Mais la vie routinière de la jeune fille n'a rien de plus réjouissant, coincée entre une mère ogresse castratrice la confinant dans sa chambre et son âge de petite fille, un directeur de ballet pervers qui la pousse dans ses derniers retranchements physiques et psychologiques et une ancienne étoile evincée et cassée. Et ce ne sont que dans les corps à corps fantasmés avec son amie / double / projection contraire que Nina se libère, d'abord dans un flirt brulant commencé dans un taxi, que j'aurais voulu imiter. Jusque dans un combat final halluciné où, portée par sa folie, Nina accède enfin à l'ultime perfection.
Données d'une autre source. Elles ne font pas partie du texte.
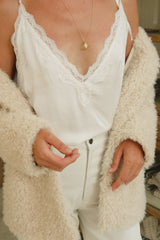Close up photo of satin white cami top worn with jacket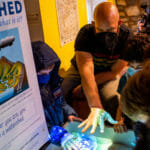 Children play with Augmented Reality Sandbox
Cette magie de l'instant et ces émotions que j'éprouvais sont restées longtemps en moi et j'aurais voulu suspendre le cours des choses. Mais c'est après le générique de fin et un baiser chaste que j'ai renoué avec la réalité. Le moment partagé avec toi allait toucher à sa fin. Il ne me resterait que ces souvenirs, gravés pour toujours dans la pellicule de ce film. Et je ne pourrai jamais m'empêcher de sentir ton parfum, de penser à ces moments de grâce passés en ta compagnie, à chaque fois que je reverrai ce film merveilleux.